- [DATA RECORDS]:
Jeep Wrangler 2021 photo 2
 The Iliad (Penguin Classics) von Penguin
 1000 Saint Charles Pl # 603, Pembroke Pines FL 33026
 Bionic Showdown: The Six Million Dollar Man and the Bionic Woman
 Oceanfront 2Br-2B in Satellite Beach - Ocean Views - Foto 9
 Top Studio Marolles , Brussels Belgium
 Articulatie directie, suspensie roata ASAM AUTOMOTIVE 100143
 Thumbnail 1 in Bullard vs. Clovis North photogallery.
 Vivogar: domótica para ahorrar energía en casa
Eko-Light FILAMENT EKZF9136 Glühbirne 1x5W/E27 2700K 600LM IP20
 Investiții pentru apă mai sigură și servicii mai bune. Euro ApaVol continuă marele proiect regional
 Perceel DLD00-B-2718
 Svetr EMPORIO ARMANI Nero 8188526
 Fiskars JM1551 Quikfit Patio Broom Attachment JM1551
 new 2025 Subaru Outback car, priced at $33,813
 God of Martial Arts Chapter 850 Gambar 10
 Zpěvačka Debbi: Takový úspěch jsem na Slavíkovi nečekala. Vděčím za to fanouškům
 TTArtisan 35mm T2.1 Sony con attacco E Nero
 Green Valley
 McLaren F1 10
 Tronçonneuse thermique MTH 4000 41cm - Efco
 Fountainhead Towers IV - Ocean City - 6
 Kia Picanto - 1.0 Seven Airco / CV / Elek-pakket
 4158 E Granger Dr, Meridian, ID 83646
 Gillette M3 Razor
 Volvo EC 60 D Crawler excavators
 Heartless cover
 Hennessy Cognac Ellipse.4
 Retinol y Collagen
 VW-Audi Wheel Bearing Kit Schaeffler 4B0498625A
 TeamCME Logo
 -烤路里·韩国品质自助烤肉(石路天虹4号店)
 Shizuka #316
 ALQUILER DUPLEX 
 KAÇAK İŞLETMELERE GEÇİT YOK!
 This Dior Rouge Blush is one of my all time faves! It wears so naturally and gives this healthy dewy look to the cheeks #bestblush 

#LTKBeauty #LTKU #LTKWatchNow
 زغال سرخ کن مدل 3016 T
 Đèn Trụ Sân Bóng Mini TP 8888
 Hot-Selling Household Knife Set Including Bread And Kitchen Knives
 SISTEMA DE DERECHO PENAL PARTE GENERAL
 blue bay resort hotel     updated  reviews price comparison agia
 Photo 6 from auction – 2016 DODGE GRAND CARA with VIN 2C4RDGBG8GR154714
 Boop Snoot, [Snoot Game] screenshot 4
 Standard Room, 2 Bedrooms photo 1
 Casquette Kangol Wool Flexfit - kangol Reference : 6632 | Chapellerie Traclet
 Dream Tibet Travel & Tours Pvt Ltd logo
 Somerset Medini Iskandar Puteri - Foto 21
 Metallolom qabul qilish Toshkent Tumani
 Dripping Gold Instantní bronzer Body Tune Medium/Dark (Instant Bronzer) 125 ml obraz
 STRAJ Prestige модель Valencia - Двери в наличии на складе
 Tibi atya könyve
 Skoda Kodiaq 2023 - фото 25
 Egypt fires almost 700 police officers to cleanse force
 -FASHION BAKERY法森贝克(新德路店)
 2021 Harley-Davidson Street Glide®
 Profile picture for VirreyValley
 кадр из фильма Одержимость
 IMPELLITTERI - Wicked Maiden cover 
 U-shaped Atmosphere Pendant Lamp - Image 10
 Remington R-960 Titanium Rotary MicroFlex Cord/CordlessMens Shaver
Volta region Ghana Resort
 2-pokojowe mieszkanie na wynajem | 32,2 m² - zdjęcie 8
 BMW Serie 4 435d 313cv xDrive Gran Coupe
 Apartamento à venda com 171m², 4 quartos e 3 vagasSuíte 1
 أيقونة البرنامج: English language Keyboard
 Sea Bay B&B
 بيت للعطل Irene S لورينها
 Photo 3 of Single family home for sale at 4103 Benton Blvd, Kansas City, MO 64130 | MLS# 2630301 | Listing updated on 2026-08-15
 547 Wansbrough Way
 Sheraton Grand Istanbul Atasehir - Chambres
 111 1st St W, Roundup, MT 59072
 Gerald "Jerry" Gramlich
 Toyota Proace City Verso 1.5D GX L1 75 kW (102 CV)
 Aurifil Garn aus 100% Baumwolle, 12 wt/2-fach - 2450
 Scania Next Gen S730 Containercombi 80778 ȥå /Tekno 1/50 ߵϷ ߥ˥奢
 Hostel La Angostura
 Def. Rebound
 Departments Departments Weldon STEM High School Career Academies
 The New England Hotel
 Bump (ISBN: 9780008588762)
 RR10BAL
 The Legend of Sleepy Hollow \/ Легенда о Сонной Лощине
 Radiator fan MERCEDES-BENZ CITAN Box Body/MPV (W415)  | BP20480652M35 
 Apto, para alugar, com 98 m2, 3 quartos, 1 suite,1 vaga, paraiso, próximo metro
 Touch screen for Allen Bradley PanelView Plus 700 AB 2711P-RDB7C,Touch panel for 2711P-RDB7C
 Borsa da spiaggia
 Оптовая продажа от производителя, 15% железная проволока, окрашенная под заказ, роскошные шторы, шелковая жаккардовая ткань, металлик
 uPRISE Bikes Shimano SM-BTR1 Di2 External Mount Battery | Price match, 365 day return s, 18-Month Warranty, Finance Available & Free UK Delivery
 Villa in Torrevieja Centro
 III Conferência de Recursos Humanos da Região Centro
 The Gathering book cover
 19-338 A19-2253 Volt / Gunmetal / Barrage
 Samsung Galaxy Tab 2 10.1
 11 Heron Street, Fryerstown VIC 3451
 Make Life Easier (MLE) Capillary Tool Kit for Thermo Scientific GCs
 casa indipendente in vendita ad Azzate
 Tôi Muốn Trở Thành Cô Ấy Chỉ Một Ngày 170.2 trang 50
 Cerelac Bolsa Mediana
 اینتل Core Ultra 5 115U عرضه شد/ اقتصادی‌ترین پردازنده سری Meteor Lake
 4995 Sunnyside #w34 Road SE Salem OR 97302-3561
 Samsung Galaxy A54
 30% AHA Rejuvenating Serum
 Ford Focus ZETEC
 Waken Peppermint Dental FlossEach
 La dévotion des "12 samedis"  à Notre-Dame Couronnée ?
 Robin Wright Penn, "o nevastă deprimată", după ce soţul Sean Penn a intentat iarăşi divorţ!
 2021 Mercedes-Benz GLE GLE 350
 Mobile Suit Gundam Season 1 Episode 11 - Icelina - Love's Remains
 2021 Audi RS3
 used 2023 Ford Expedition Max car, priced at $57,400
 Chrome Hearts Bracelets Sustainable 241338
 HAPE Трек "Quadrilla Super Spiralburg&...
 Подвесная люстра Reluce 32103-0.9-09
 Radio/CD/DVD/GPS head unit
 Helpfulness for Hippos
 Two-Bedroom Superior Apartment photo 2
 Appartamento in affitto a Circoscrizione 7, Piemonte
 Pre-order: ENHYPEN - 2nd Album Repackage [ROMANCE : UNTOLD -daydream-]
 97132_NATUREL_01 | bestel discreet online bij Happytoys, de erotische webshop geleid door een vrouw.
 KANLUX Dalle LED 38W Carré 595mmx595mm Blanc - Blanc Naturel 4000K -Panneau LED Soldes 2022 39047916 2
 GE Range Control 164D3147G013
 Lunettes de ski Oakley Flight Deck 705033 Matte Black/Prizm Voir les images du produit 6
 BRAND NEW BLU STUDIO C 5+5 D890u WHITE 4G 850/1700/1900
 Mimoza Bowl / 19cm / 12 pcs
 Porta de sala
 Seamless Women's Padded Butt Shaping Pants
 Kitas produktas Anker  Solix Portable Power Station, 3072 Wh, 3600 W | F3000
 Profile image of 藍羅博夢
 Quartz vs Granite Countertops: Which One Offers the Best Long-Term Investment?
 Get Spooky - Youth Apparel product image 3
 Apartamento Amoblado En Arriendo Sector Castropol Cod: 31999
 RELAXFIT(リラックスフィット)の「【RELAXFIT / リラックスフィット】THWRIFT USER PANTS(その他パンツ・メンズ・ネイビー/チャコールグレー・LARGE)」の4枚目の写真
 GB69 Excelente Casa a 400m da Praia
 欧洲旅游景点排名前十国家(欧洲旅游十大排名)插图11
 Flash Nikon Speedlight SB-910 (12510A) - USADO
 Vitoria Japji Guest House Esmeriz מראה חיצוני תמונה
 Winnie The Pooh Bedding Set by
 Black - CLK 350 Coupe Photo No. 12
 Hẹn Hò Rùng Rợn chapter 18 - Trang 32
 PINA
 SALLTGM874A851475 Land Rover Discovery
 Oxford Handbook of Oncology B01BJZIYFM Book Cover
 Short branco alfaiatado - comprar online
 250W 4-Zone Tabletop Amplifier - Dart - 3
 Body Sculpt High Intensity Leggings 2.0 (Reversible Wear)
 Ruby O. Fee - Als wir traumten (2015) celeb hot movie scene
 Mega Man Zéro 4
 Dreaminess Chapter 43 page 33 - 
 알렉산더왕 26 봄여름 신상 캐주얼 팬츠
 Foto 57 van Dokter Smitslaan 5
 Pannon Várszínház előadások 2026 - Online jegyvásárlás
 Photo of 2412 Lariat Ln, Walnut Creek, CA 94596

- [WORK ITEM]: Print again the lines of the entries above that fall between the line holding "أيقونة البرنامج: English language Keyboard" and the line holding "Подвесная люстра Reluce 32103-0.9-09", inclusive, exactly as they stand.

- [REPLY TO THE EXERCISE]:
 أيقونة البرنامج: English language Keyboard
 Sea Bay B&B
 بيت للعطل Irene S لورينها
 Photo 3 of Single family home for sale at 4103 Benton Blvd, Kansas City, MO 64130 | MLS# 2630301 | Listing updated on 2026-08-15
 547 Wansbrough Way
 Sheraton Grand Istanbul Atasehir - Chambres
 111 1st St W, Roundup, MT 59072
 Gerald "Jerry" Gramlich
 Toyota Proace City Verso 1.5D GX L1 75 kW (102 CV)
 Aurifil Garn aus 100% Baumwolle, 12 wt/2-fach - 2450
 Scania Next Gen S730 Containercombi 80778 ȥå /Tekno 1/50 ߵϷ ߥ˥奢
 Hostel La Angostura
 Def. Rebound
 Departments Departments Weldon STEM High School Career Academies
 The New England Hotel
 Bump (ISBN: 9780008588762)
 RR10BAL
 The Legend of Sleepy Hollow \/ Легенда о Сонной Лощине
 Radiator fan MERCEDES-BENZ CITAN Box Body/MPV (W415)  | BP20480652M35 
 Apto, para alugar, com 98 m2, 3 quartos, 1 suite,1 vaga, paraiso, próximo metro
 Touch screen for Allen Bradley PanelView Plus 700 AB 2711P-RDB7C,Touch panel for 2711P-RDB7C
 Borsa da spiaggia
 Оптовая продажа от производителя, 15% железная проволока, окрашенная под заказ, роскошные шторы, шелковая жаккардовая ткань, металлик
 uPRISE Bikes Shimano SM-BTR1 Di2 External Mount Battery | Price match, 365 day return s, 18-Month Warranty, Finance Available & Free UK Delivery
 Villa in Torrevieja Centro
 III Conferência de Recursos Humanos da Região Centro
 The Gathering book cover
 19-338 A19-2253 Volt / Gunmetal / Barrage
 Samsung Galaxy Tab 2 10.1
 11 Heron Street, Fryerstown VIC 3451
 Make Life Easier (MLE) Capillary Tool Kit for Thermo Scientific GCs
 casa indipendente in vendita ad Azzate
 Tôi Muốn Trở Thành Cô Ấy Chỉ Một Ngày 170.2 trang 50
 Cerelac Bolsa Mediana
 اینتل Core Ultra 5 115U عرضه شد/ اقتصادی‌ترین پردازنده سری Meteor Lake
 4995 Sunnyside #w34 Road SE Salem OR 97302-3561
 Samsung Galaxy A54
 30% AHA Rejuvenating Serum
 Ford Focus ZETEC
 Waken Peppermint Dental FlossEach
 La dévotion des "12 samedis"  à Notre-Dame Couronnée ?
 Robin Wright Penn, "o nevastă deprimată", după ce soţul Sean Penn a intentat iarăşi divorţ!
 2021 Mercedes-Benz GLE GLE 350
 Mobile Suit Gundam Season 1 Episode 11 - Icelina - Love's Remains
 2021 Audi RS3
 used 2023 Ford Expedition Max car, priced at $57,400
 Chrome Hearts Bracelets Sustainable 241338
 HAPE Трек "Quadrilla Super Spiralburg&...
 Подвесная люстра Reluce 32103-0.9-09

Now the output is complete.